**Information**:
*-*-*
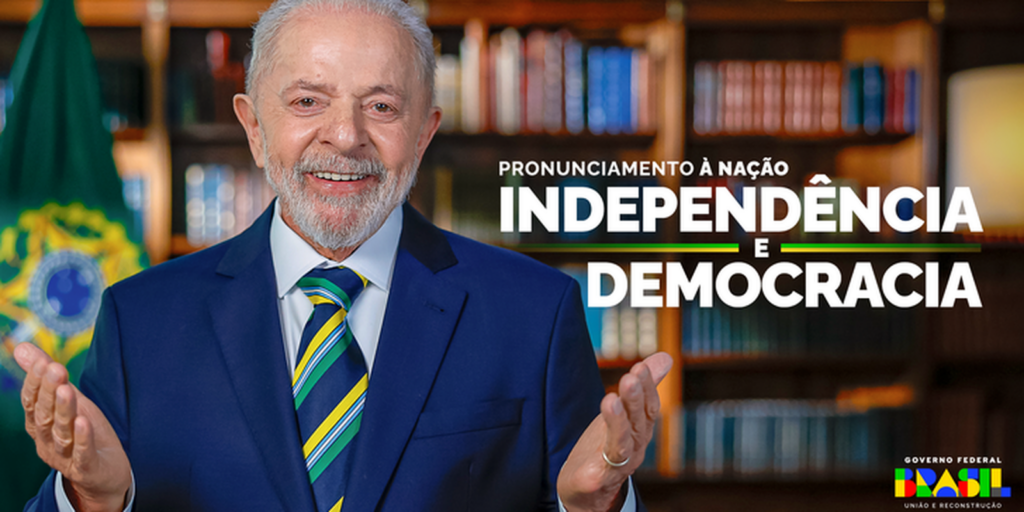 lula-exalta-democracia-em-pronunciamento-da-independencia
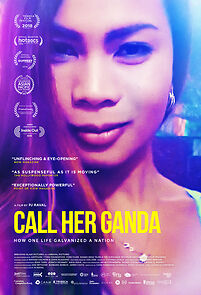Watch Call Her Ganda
*-*-*
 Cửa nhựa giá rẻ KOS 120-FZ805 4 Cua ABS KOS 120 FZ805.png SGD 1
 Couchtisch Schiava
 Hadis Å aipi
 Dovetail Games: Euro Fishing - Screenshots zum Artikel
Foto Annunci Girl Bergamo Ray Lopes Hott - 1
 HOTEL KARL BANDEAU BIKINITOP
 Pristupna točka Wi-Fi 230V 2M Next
*-*-*
**Exercise requirements**: An exact copy of the lines above between the line holding "HOTEL KARL BANDEAU BIKINITOP" and the line holding "Pristupna točka Wi-Fi 230V 2M Next", inclusive, is the whole answer.

**Solution for this task**:
 HOTEL KARL BANDEAU BIKINITOP
 Pristupna točka Wi-Fi 230V 2M Next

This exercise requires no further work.